ACTE VIII. De la Société multiculturelle à la Société métissée

– Alors les différentes communautés s’entendent bien… tant que y’a pas de mélanges.

– En tout cas pour moi l’avenir il passe par le métissage. Aujourd’hui on se prend encore la tête pour savoir qui est arabe, jaune, noir, blanc… mais d’ici quelques générations, quand on sera tous métissés y’aura plus ce problème.

– C’est difficile d’être métisse, parce que vous voyez on est une espèce d’hybride, que les uns et les autres ne comprennent pas.

– Les communautés se mélangent peu, mais ça n’a pas toujours été le cas, jusqu’au 19ème siècle les mariages mixtes étaient encore chose fréquente. Nous les Baba Nyonya, nous sommes une communauté très bien intégrée, car nous pouvons collaborer aussi bien avec les Chinois qu’avec les Malais, dont nous avons adopté le mode de vie.

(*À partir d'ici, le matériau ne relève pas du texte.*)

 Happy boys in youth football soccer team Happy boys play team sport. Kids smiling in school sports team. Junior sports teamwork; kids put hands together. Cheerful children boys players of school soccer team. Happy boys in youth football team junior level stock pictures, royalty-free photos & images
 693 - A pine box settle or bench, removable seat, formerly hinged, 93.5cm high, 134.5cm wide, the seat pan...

– Mais ça avance, ça avance. Je vois beaucoup de gens qui ont fait le forcing, et au bout d’un moment les parents ont accepté. Et aujourd’hui je vois beaucoup des parents de mes potes marcher avec des enfants métisses, et c’est très beau. Pour moi c’est ça la force. C’est une génération choc, une génération qui va être super bénéfique.

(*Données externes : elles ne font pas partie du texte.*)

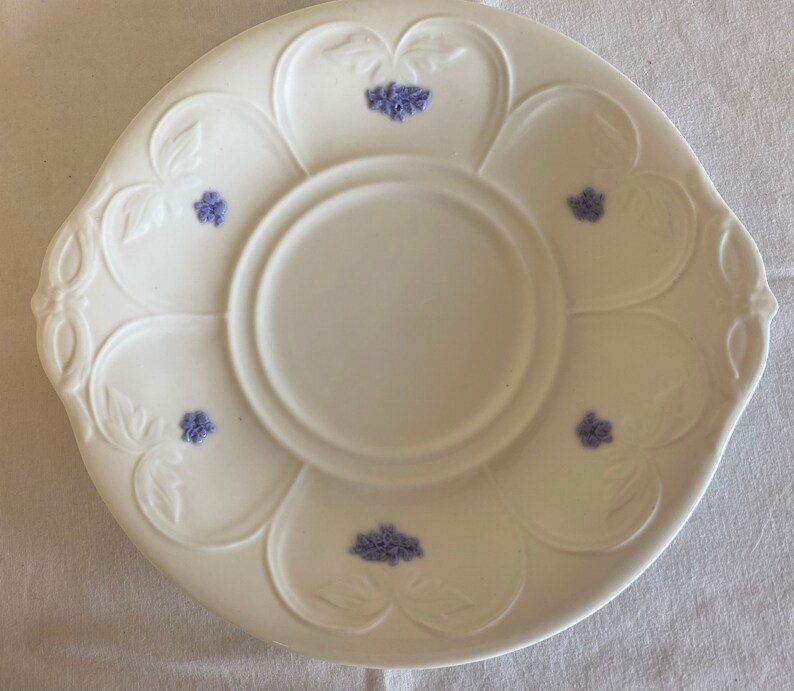 May include: A white ceramic saucer with a raised design and purple floral accents. The saucer has a center well for a cup.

– Regardez la Réunion, c’est un mélange incroyable, …

– Ouais, ben là le racisme il est à tous les niveaux, entre les communautés aussi, on peut être potes, mais on se mélange pas vraiment. Dès qu’il s’agit d’amour, de fonder une famille, ça y est on est plus ensemble, on se trouve des tas de différences.

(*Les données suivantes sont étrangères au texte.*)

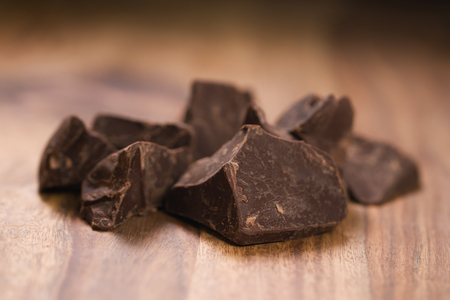 dark chocolate chunks on wood tableの写真素材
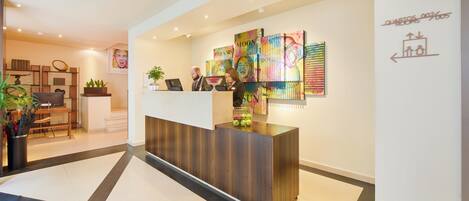 A reception desk with a modern design, a seating area with a table and chairs, and a wall with directional signage.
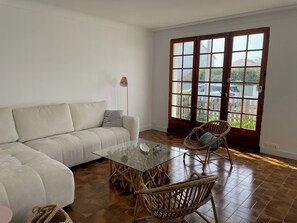 Ein Wohnzimmer mit einer Couch, einem Glastisch, Korbstühlen und einem großen Fenster mit Blick.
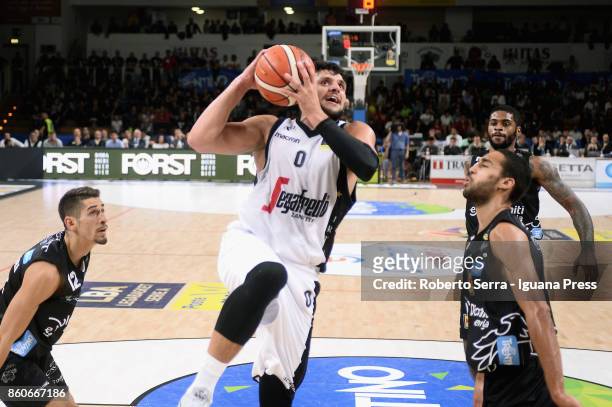Alessandro Gentile of Segafredo competes with Diego Flaccadori and Yannick Franke and Chane Behanan of Dolomiti Energia during the LBA LegaBasket...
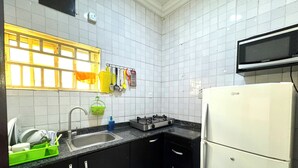 A compact kitchen with white tiled walls, a black countertop, and a white refrigerator. - 1BEDROOM FLAT at UTAKO ABUJA. 24hrs LIGHT, WIFI & KITCHEN (Abuja)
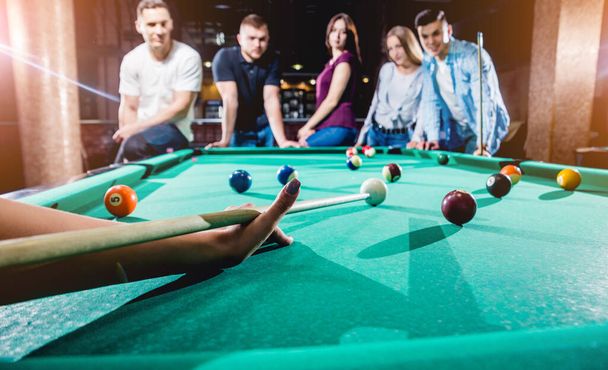 Group of young cheerful friends playing billiards. Funny time after work - Foto, imagen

– Bon c’est surtout les parents qui pensent comme ça…

– Mais nous aussi, on vit ici et dès qu’il s’agit de choses sérieuses, on se réfugie vers la culture d’origine, comme une protection, quelque chose qu’on pourrait revendiquer. Alors que quand on va là-bas, on n’est pas de là-bas, on est français.

– En même temps, autour de cette table on est quoi, en majorité en couples mixtes ? C’est formidable, notre pays est extrêmement riche de ces mariages, c’est un truc qu’on devrait valoriser.

– Ouais et cet exemple c’est aussi un forcing à la base mais c’est un exemple pour nos parents, et avec le temps, ils changent eux aussi, ils apprennent à faire confiance et se mélanger avec les autres, à vivre véritablement ici, dans le lieu.

– Jme suis mise en couple avec quelqu’un de la même origine que moi pour leur faire plaisir, mais en fait ça c’est pas mieux passé. Ca fait pas un couple en fait.

– Y’a pas d’interdit religieux, on peut très bien se marier entre croyant des religions du Livre.

– Mon père voulait que j’épouse quelqu’un du pays… le truc c’est que son pays c’est pas mon pays !

– Nous contrairement à nos parents, on n’a pas d’excuse pour pas se mélanger, on a grandi ensemble !

– Oui nous on est l’avenir de nos parents, et nos enfants là, tous nos enfants nés de ces mélanges sont notre avenir, ils vont construire une toute autre société, qu’on n’arrive pas à imaginer aujourd’hui. C’est une extraordinaire source d’optimisme pour l’avenir.

– C’est très riche l’expatriation pour les enfants. Ils fréquentent toutes sortes de nationalités. Ma fille veut épouser un Colombien et vivre en Colombie plus tard parce qu’elle s’est faite une amie colombienne dans sa classe.

– Dans cette classe, expatriés et demandeurs d’asile sont mélangés, ont le même statut. Ils sont liés par leur expérience migratoire qui les a conduits dans un pays duquel ils doivent apprendre la langue. La matière principale c’est le vivre ensemble, et la façon dont ça se passe ça rend clairement positif et extrêmement enthousiastes face à l’avenir.

– On sait qu’on est pleinement deux choses quand on peut rire des gens d’ici et de là-bas et qu’eux peuvent rire de nous sans que ça froisse personne. Là tu sais que y’a la confiance. Mais ça vient naturellement, avec le temps, faut juste que les gens soient mélangés et habitués à vivre ensemble.

– Vous me parlez de notre rocher comme un carrefour de clandestins, c’est ça pour les médias, mais pour moi c’est un petit monde, avec sa position au croisement des routes du Vieux Monde et du Nouveau Monde, et tous ces gens qui sont venus de partout et sont restés ici. C’est un endroit où tu peux voir une nounou arabe avec un enfant juif. Ici juifs, protestants, catholiques, hindous, musulmans vivent ensemble et on est fiers de comment ça se passe.